Competent Supervisory Authority

The supervisory authority of one of the Member States in which the data subjects whose Personal Data is transferred under these Clauses in relation to the offering of goods or services to them, or whose behaviour is monitored, are located, as indicated in Annex I.C, shall act as competent supervisory authority.

SCHEDULE 2

TECHNICAL AND ORGANISATIONAL MEASURES INCLUDING TECHNICAL AND ORGANISATIONAL MEASURES TO ENSURE THE SECURITY OF THE DATA

1. General. Sojern will establish, implement, and maintain appropriate administrative, technical and organizational measures that are designed to protect against unauthorized or unlawful processing of Personal Data and against accidental loss or destruction of, or damage to, Personal Data. These measures will be adequate to comply with applicable data protection laws and Sojern will comply at all times with its information security policies and information security program. 

2. Information Security Policies and Standards. Sojern will maintain information security policies, standards, and procedures. These policies, standards, and procedures shall be kept up to date, and revised whenever relevant changes are made to the information systems that use or store Personal Data. 

3. Vulnerability Management. Sojern will maintain a vulnerability management program for all systems that process Personal Data that includes without limitation internal and external vulnerability scanning with risk rating findings and formal remediation plans to address any identified vulnerabilities. 

4. Risk Assessment. Sojern will conduct periodic risk assessments to identify and assess reasonably foreseeable risks to the security, confidentiality, and integrity of records containing Personal Data and evaluate and improve, where necessary, the effectiveness of its safeguards for limiting those risks. 

5. Data Classification. Sojern will maintain policies and procedures to classify sensitive information assets, clarify security responsibilities, and promote awareness for all employees. 

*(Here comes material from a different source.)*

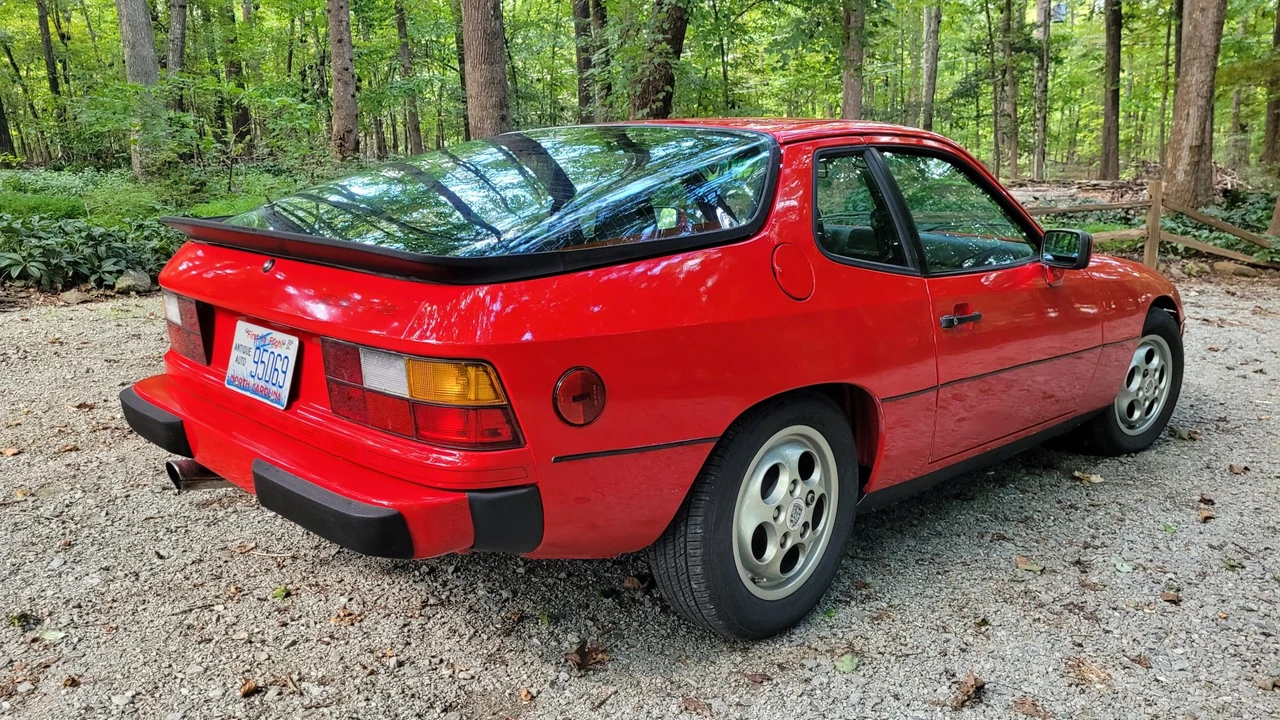 1987 Porsche 924 S - Image 9 of 31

6. Encryption. Sojern will implement industry standard encryption mechanisms and strong cipher suites (AES 256-bit is recommended) for storage and transmission. Sojern will accept connections over encrypted channels (TLS is recommended). 

7. Network Security. Sojern will secure its network by employing a defense-in-depth approach that utilizes commercially available equipment and industry standard techniques, including without limitation firewalls, intrusion detection systems, access control lists, and routing protocols.

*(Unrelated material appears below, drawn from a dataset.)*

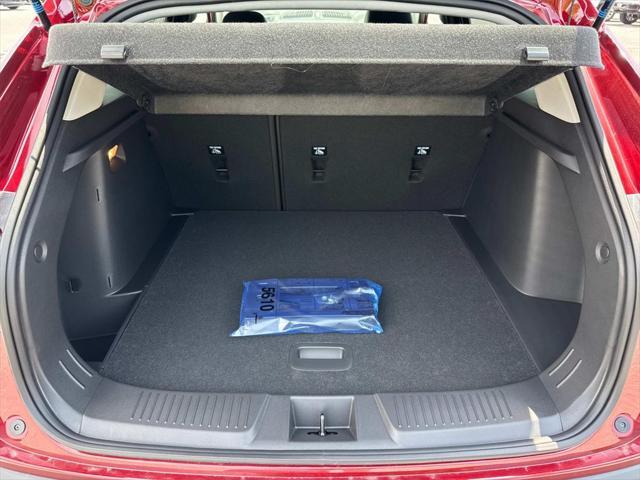 new 2025 Chevrolet Trax car, priced at $25,485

8. Virus and Malware Controls. Sojern will protect Personal Data from malicious code and will install and maintain anti-virus and malware protection software on any system that handles Personal Data. 

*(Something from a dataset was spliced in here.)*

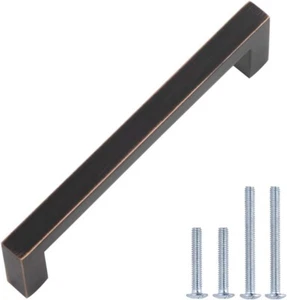 Amazon Basics AB3702-OR-10 Cabinet Pull 5.39" Length 5" Center Oil Rubbed Bronze - Foto 1 di 6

9. Access Control. Sojern will practice the principle of least privilege where access to Personal Data is only granted to those within the organization who have a business need for such access and permissions will be limited to the minimum amount required to perform the specific job function. 

10. Processing Location. Personal Data will be Processed by Sojern in the United States, subject to applicable data protection laws that may require otherwise. 

11. Incident Response. Sojern will maintain a data security incident response program and will document all suspected data security incidents. Sojern will investigate any data security incidents and take all necessary steps to eliminate or contain the data security incident. 

12. Personnel. Sojern will maintain an information security awareness and training program and will train critical Sojern personnel on data protection measures and general cybersecurity protections. 

13. Vendor. Sojern will maintain a vendor management program that will assess all vendors with whom Sojern exchanges Personal Data. Such vendors will be held to data security standards no less restrictive than those set forth herein.